2.3. Test Design Simulation Model
Instances the design under test.
2.4. Core Module
This module is responsible for accepting instructions from the tntsh software and returning the appropriate values. It instances the command interpreter, which manages the commands received from the software and also interfaces with the vectors and configuration modules. The data interchange between the command interpreter and the rest of the modules is managed by stream modules.
2.5. Stream Module
The stream is the interface used for interchanging data between modules. It is composed of an encoder, a FIFO (First In First Out) memory, and a decoder. Every main module inside the virtual device uses an input stream to request input data and an output stream to provide output data. The stream has been designed to simplify the exchange of multiple data of different widths between modules. Internal data inside the virtual device may have different widths, for example, an injection address may be a 32-bit value but a time value in cycles may be a 64-bit value, while a command always has an 8-bit value. In addition, in order to save SRAM memory space, the width of input and output vectors depends on the characteristics of each design under test. This module needs thus to manage a stream of data of different sizes, with a size between 1 and 8 bytes for each data.

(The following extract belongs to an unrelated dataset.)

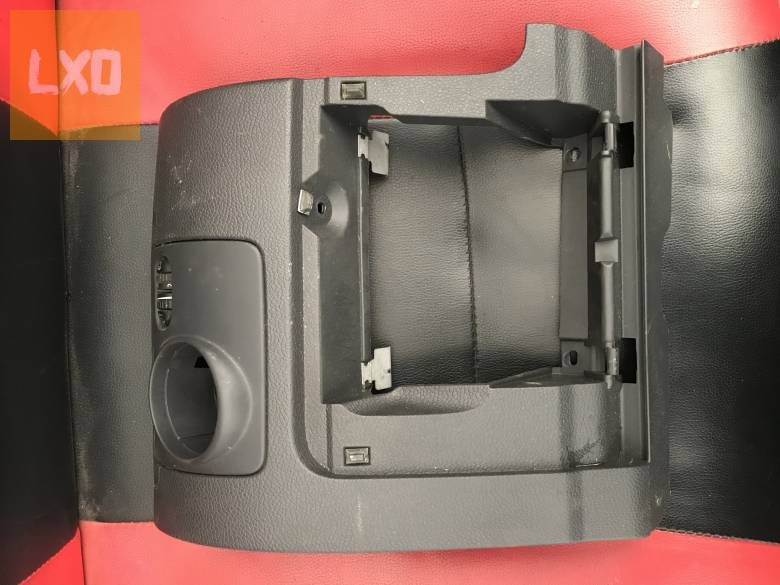 VW GOLF V / bal műszerfal toldat 1K1 858 357 M apróhirdetés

Figure 2 shows the architecture of the stream. The process for module A to send a single multi-byte data to module B is as follows:
A writes in the stream:
A waits for the write side of the stream to be ready (wr_ready active). If the write side is not ready, wr_op must be set to zero;
A sets wr_op to the number of bytes that need to be written (N), while at the same time sets wr_data(N*8-1 downto 0) to the value of the data word to write.
B reads from the stream:
B waits for the read side of the stream to be ready (rd_ready active). If the read side is not ready, rd_op must be set to zero;
B sets rd_op to the number of bytes that need to be read (N);
Starting from the next clock cycle, when rd_ready is asserted again, rd_data is valid, from which B reads the least significant N bytes.
It must be noted that B can ask for data before A writes anything into the stream, and this will not cause any issue, since the stream will not assert rd_ready until it has enough data, which effectively waits for A to write the requested data.

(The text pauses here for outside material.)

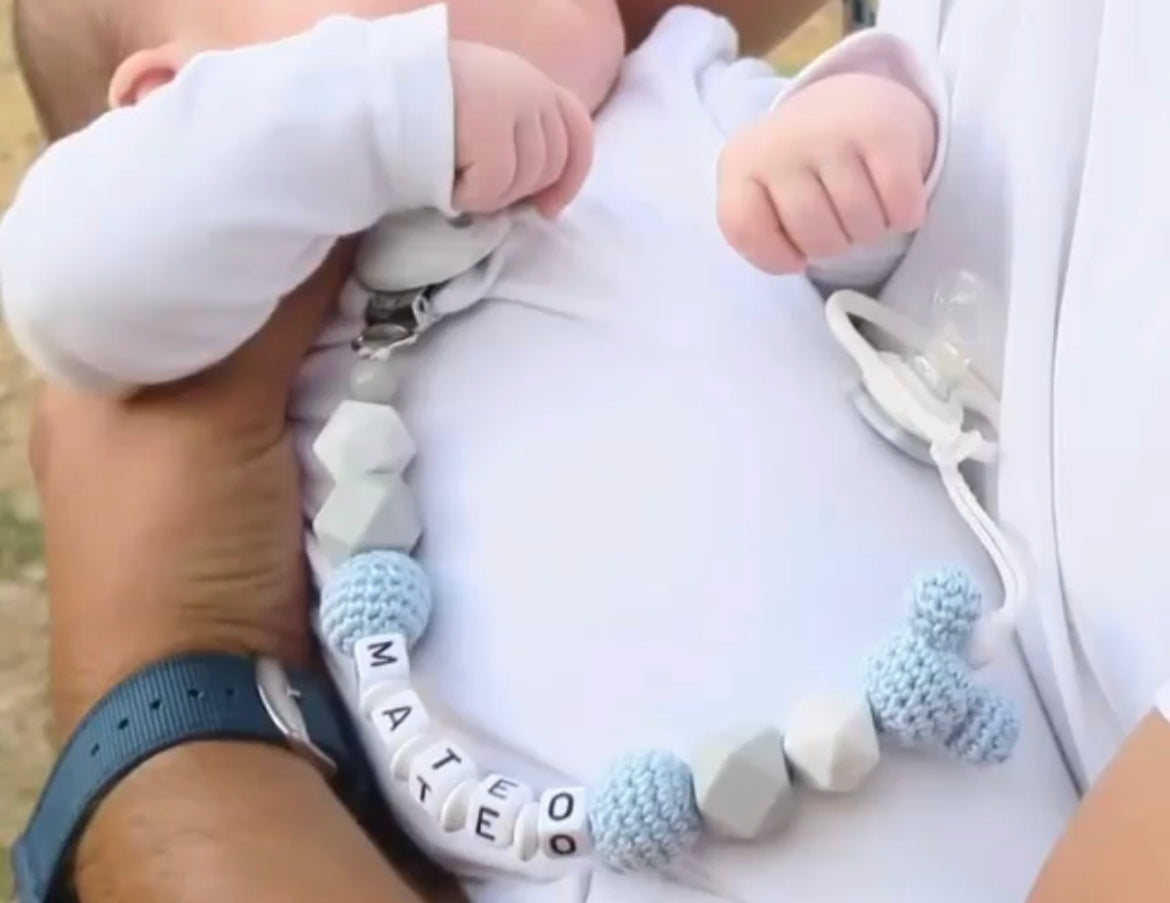 Schnullerkette mit Name Mateo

When bidirectional communications are needed, for example in case of a module sending commands to a submodule and reading the responses to these commands, two streams can be instanced, one for each data direction.
2.6. Config Module
The configuration module is responsible for reading and writing in the simulated target FPGA. It can configure a valid bitstream, and perform I/O operations on individual configuration bits, such as bit flips. It interfaces with a model of the target FPGA (configuration interface simulation model) which interchanges data with the logic of the configuration module using the APB (Advanced Peripheral Bus) protocol.
2.7. Vectors Module
The module is responsible for handling the input and output vectors, both the golden data and the experiment results, as well as handling the emulation clock. It includes the SRAM controller to store and manage the input/output vectors in the SRAM and event queue.
The Event Queue
Every time a special condition is detected during the fault injection (such as discrepancy with golden outputs or end of vectors), an event is raised. When an event is raised, a new item is added to the event queue with each item containing two data: A 1-byte mask of all the events raised and an 8-byte value containing the cycle in which these events were raised.
The event queue allows one to configure flags for the fault injection campaign that can alter the course of the test depending on what happens during the experiment, without continuously communicating with the software. For example, by stopping a run (a complete execution of the test vectors with zero, one or more injections) after detecting damage, without simulating the rest of the clock cycles. The complete event queue can be read by the software after a single run, reducing communication overhead.
2.8. Flow Process and Required Files
The process of injecting faults is made using cocotb [
24]. Cocotb is a cosimulation testbench environment written in python. It is an open-source tool which can be used in multiple operating systems. The GHDL open-source simulator is also used to compile the source VHDL code of the vdev to obtain the executable file. Cocotb accesses the values inside the simulation using the simulator’s VPI (Verilog Procedural Interface). A testshell wrapper for the GHDL executable has been written in python so cocotb can be used to access the internal simulation values. With respect to the classification described in
Section 1.3.4, we can consider this technique inside the ‘simulator commands’ category.
The tntsh software can be used interactively since it provides a TCL (Tool Command Language) shell, but it can also be used in batch mode by providing .tcl scripts with the commands to execute. Makefiles can be used then to automate the execution of multiple fault injection campaigns, using one or multiple instances of the vdev.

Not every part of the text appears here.